При таком взгляде Дом становился средоточием и национальной, и исторической, и личной жизни. И это был не абстрактный «Дом вообще», а свой собственный Дом — единственный и реальный. Если помножить силу этих идей на силу подлинной страсти, которую испытывал Пушкин к своей жене, то сделается очевидным, какое место занимала в жизни Пушкина Наталья Николаевна, Натали, как ее называли в свете, Таша — по-домашнему. Так ее стал именовать и Пушкин. Она была моложе мужа на тринадцать лет, воспитана так, как воспитывались молодые дворянки-москвички из культурных, но не очень богатых семей, была бесприданница. Наталья Николаевна Гончарова отличалась нежной, акварельной красотой (Пушкин называл ее своей Мадонной), прекрасной фигурой и величественным ростом (выше Пушкина).

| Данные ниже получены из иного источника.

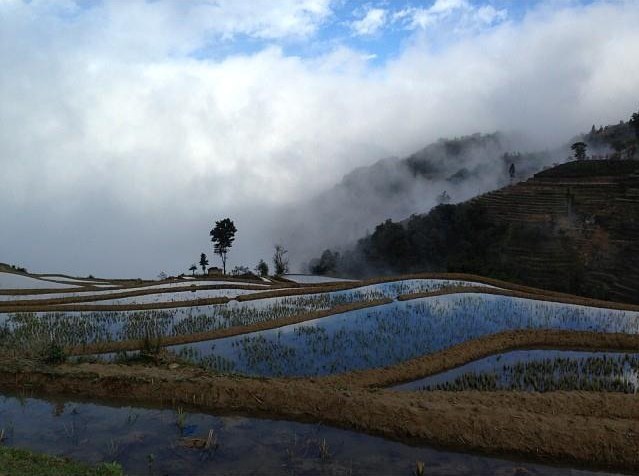 1393679_733496800013105_392616199_n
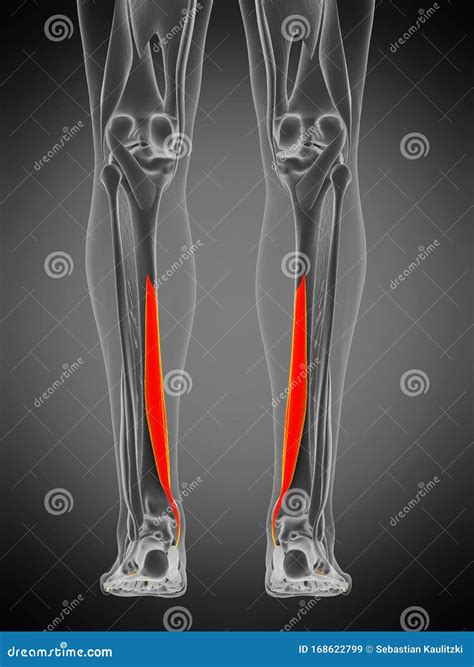 Flexor digitorum longus stock illustration. Illustration of rendered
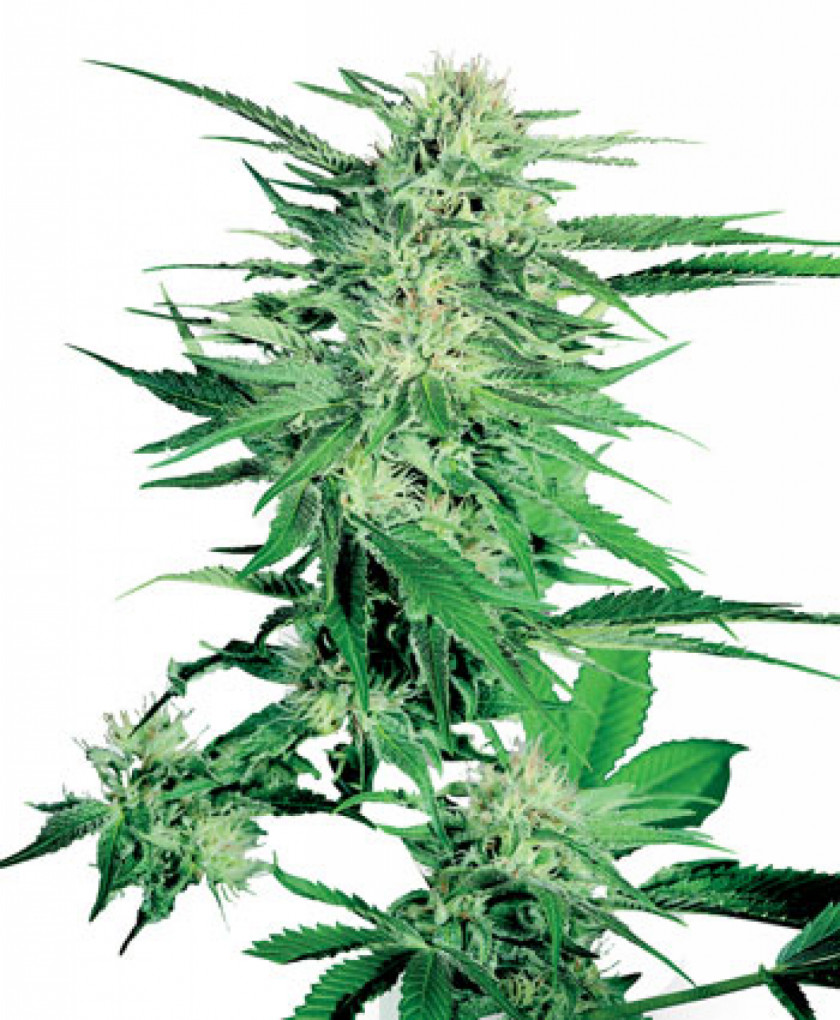 Skunk Cannabis Bud Seed Marijuana Flowering Plant PNG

Небольшая раскосость глаз придавала ей особенную прелесть. Она отличалась тактом и аристократической простотой манер, держала себя ласково и одновременно с холодноватым достоинством. Романтический брак по страсти в ту пору встречался чаще в романах, чем в жизни Влюблялся и выбирал мужчина. Девушка чаще всего соглашалась отдать руку. Подлинное знакомство начиналось уже после церковного обряда. В счастливых случаях оно перерастало в спокойную дружескую привязанность или просто привычку.